It seems every few months somebody brings this topic up and we beat it again. Perhaps we should have a sub-forum filled with stickies of 'dead horse' threads. Let me take a stab at beating this one to death.
In reality this is simply one variation on a technique that has been used for many decades in many domains. VLBI, direction finding, interference cancellation and directional antennas are common examples. In fact it wasn't uncommon to assemble arrays of TV antennas to improve fringe reception not that long ago. That was easily accessible to hobbyists because the wavelengths were long enough that RF combining was practical. Things are a little different at 12 GHz, compared to 200 MHz.
I have argued a number of times that this technique is for the most part economically irrelevant to FTA. That does not mean it would be impossible to do, just far more expensive than putting up a bigger dish, which is what I think brings most people to the topic on this forum.
However I suppose there could be some situations where someone might legitimately consider it. If you have HOA or government rules stopping you from putting up an adequate sized dish, you would have few other choices. This also turns out to be an incredibly selective way of canceling interference from adjacent orbital positions. While bigger dishes typically address this more economically, it still could be a reason to consider this. As the mini-BUDers have found, there is often a lot of signal in a C-band footprint, but adjacent satellite interference cannot be addressed with a single small dish.
So to clear up misconceptions, I thought I would review a bit of the theory. To start with, lets look at a 12 GHz signal. We could do C-band, but the result ends up about the same. A 12 GHz signal has a wavelength of 2.5cm. If we want to have maximum combining efficiency, let's try to add the signals within 5 degrees of phase of one another. That would be within about 0.35mm of path difference at RF. Not very easy.
However if we use a stable frequency source we could use true PLL LNBs from more than one dish to take this down to around 1 GHz. Stable frequency sources are pretty easy to come by. A few years ago I picked one up for $10 surplus and only had to make some minor fixes to the oven drive circuitry. After that I could lock it to WWVB with a simple but extremely long time constant PLL and it would hold better than 1 part in 10^12 (1 second in 30000 years). True PLL LNBs are not cheap, however.
What does this buy us? Well, phase is what is important, not frequency. That's one reason why WWVB, which broadcasts at only 60 kHz, can be used to make such incredibly accurate adjustments to a frequency source. At 1 GHz, a 5 degree phase error is about 4.2mm. That's starting to look possible, but probably not practical for the hobbyist to trim cables. However if you had an analog phase shifter that worked at this frequency, that might be good enough.

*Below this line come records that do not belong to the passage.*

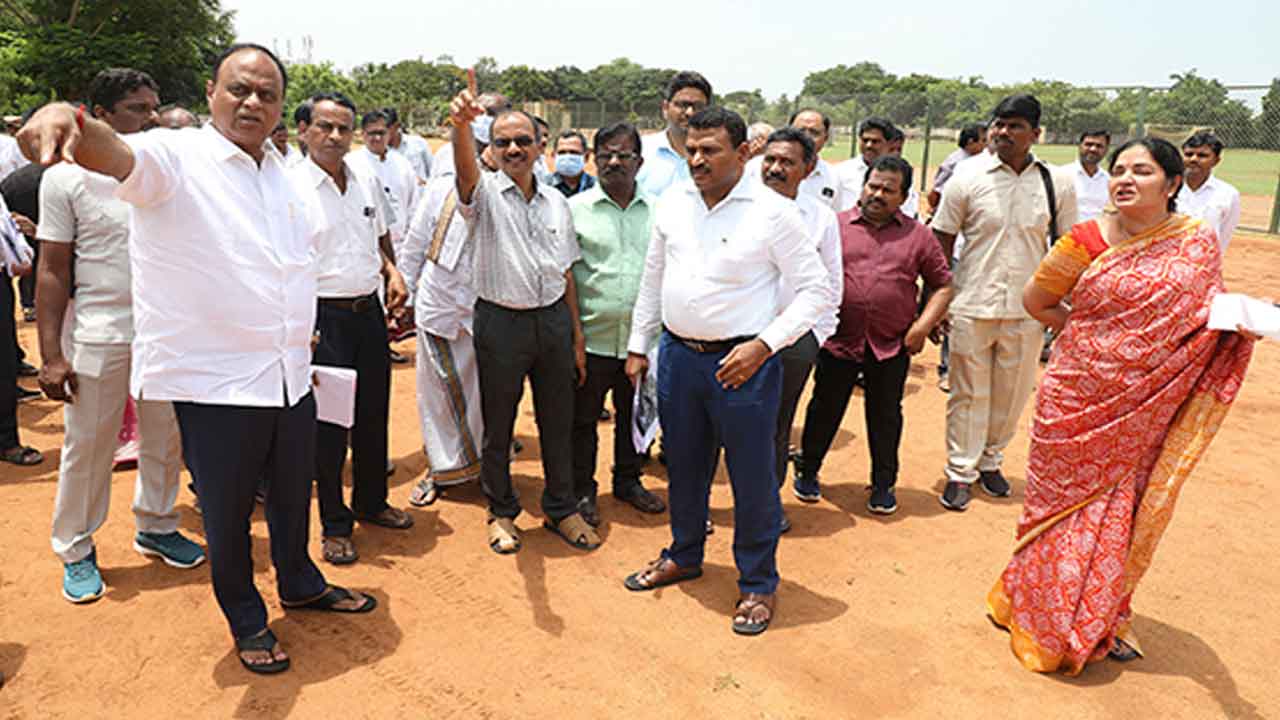 నెల్లూరులో వచ్చే నెల 16 నుంచి శ్రీవారి వైభవోత్సవాలు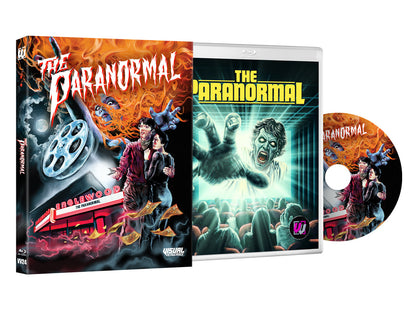 3D art of The Paranormal (Collector's Edition) [Blu-ray]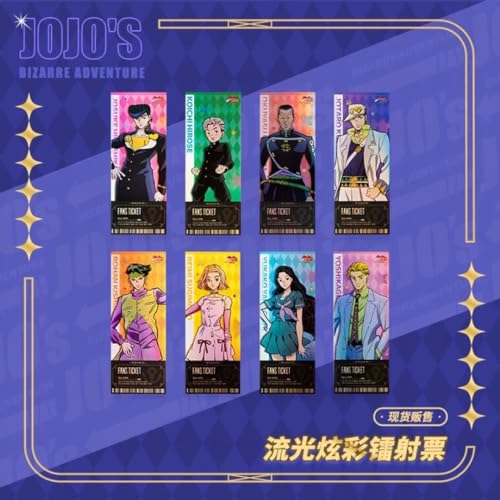 ジョジョの奇妙な冒険 中国限定 第4部 10周年記念 ホログラム チケット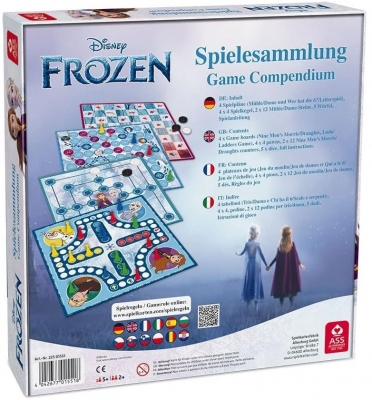 Set jocuri societate, Game Compedium, tema Frozen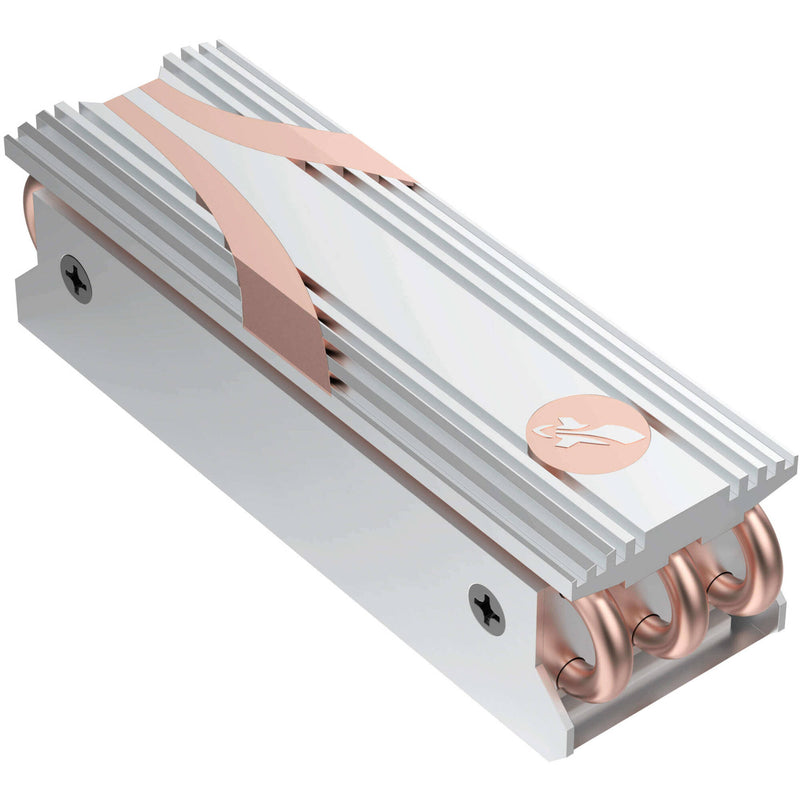 Sabrent M.2 2280 SSD Rocket Heatsink (Silver)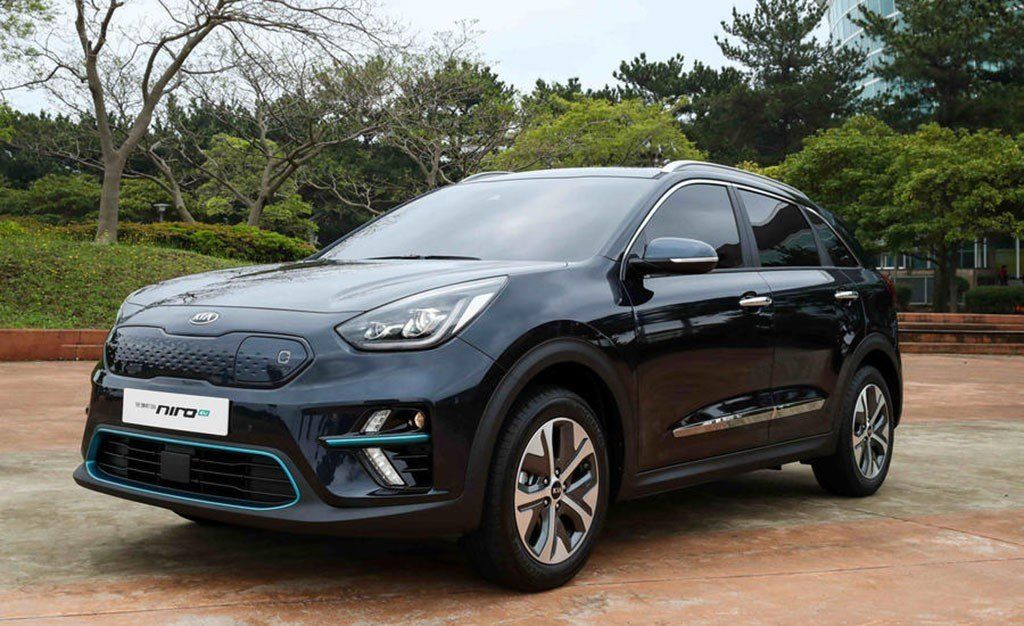 El nuevo Kia Niro EV debuta ante el público coreano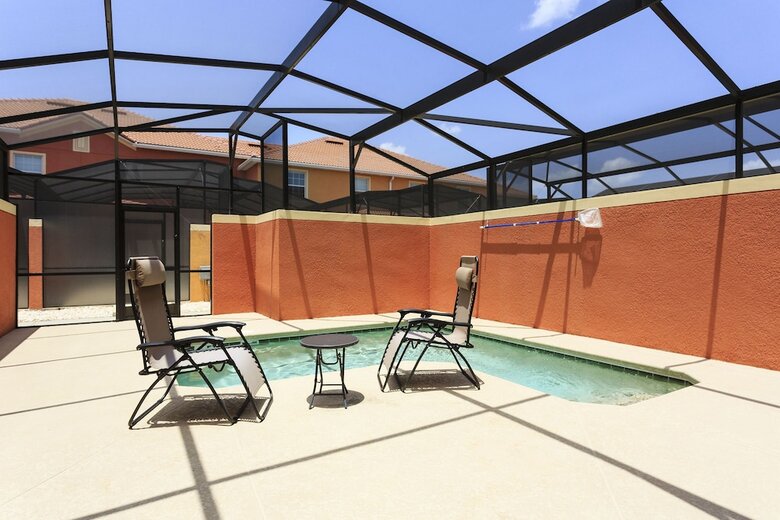 Wonderful Vacation Home With Pool Pp2962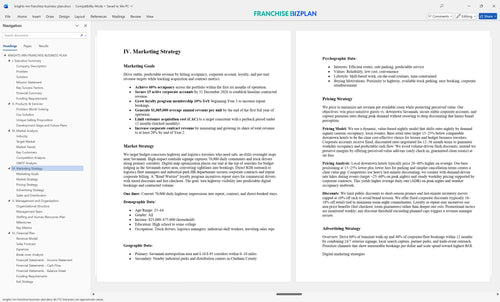 knights inn franchise business plan 4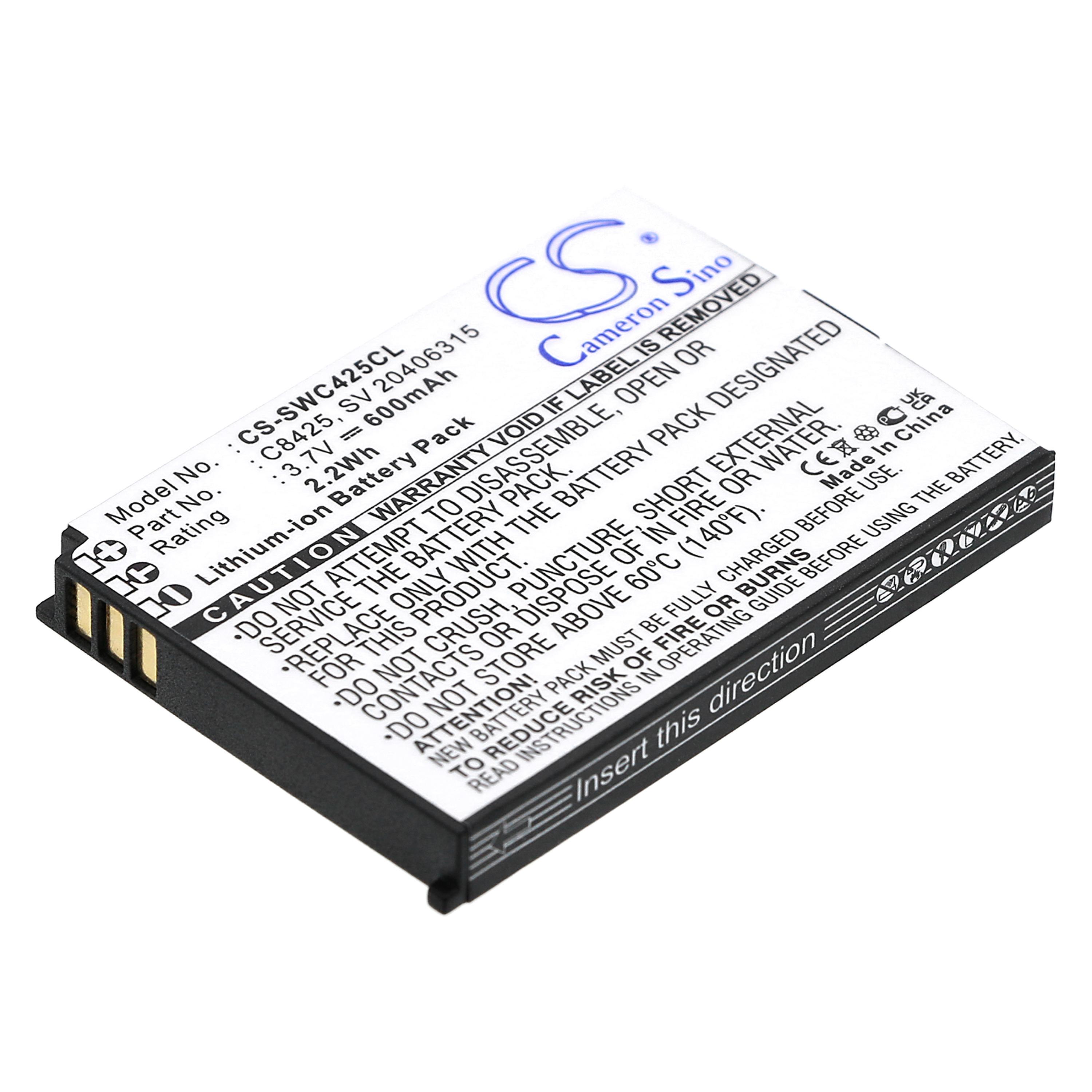 Cameron Sino 600 mAh for Swissvoice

It's also important to note that the paths from each PLL LNB don't need to be exactly the same length, but only be in phase, unless the path differences start to become a major fraction of a symbol. If we take a SR of 30000, the wave length is 10m. Applying our stringent 5 degree criteria, we need the maximum path length difference to be less than 14cm. Not a big deal.
Since we're heading the right direction, let's mix and filter the LNB outputs in the comfort of our home with a generator, say at 950 MHz and also locked to our reference. Now the signals will only have to be within a phase difference of 8.4cm because the IF is 50 MHz. I could trim cables to do that, but would need a way to vary this for different signals. We also have to compensate gain, but that's not very hard. At this point the signals could be easily combined in a number of ways. Mix the result with our 950 MHz generator and we're back to 1 GHz and the input of a standard FTA receiver.
None of this would be easy, but a well motivated hobbyist with a good understanding of the theory could likely do this for less than $2000, and perhaps half of that, with careful selection of surplus equipment and finds on eBay. You might have to buy the LNBs new. Still people here buy receivers at around $400 fairly frequently, so we're not totally out of the ballpark.
I've glossed over the details, but commonly available equipment could do this. It just costs. You don't have to do this at the LNB. You don't need to get down to 5 degrees for useful combining. And if you did this digitally, you could obviate many of the complexities and compensate in software. I'm not encouraging anyone to do this, and still believe there are easier solutions in most cases. But it is possible. For most cases, use a bigger dish.